What has been achieved in the first year

A large UK bank purchased TWS/Graph to simplify its batch scheduling process. The bank has now been using TWS/Graph for about a year.

TWS/Graph for OPC is a graphical, search and documentation tool for use with OPC, IBM OS/390 Batch Scheduler. OPC is almost entirely text based. TWS/Graph allows the people responsible for planning the scheduling of the major batch processing of large mainframe sites to get a clear overview of the whole process and to focus on specific areas easily and quickly. It can also automatically produce accurate documentation for the batch schedule.
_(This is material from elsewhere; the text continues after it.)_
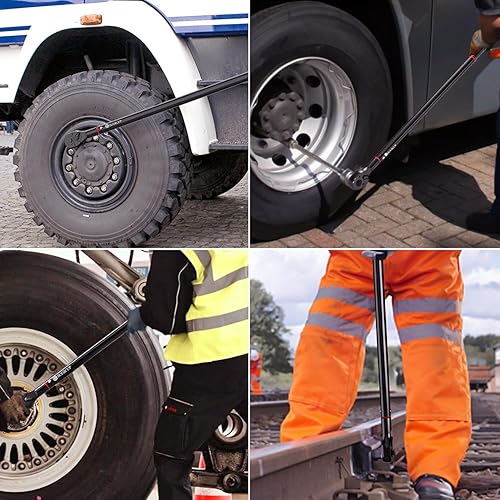 Miniatura 23 de Llave dinamométrica de clic de 3/8 pulgadas, 5-45 pies-libra/6.8-61 Nm, llave dinamométrica ajustable de doble dirección de 72 dientes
 An Operations Analyst with many years experience, describes his first twelve months experience of using TWS/Graph. The bank had “A huge OPC database of over 60,000 application descriptions. This was primarily due to a policy of retaining multiple versions of each application for auditing and backout purposes.”

Using TWS/Graph to clean OPC

TWS/Graph can provide an accurate overview of OPC both graphically and by using simple and complex queries.

“TWS/Graph was used to identify these (old versions) and other applications, which were redundant. The results showed that if we could find a secure repository for these applications, then it would be possible to reduce the working database by over two thirds. 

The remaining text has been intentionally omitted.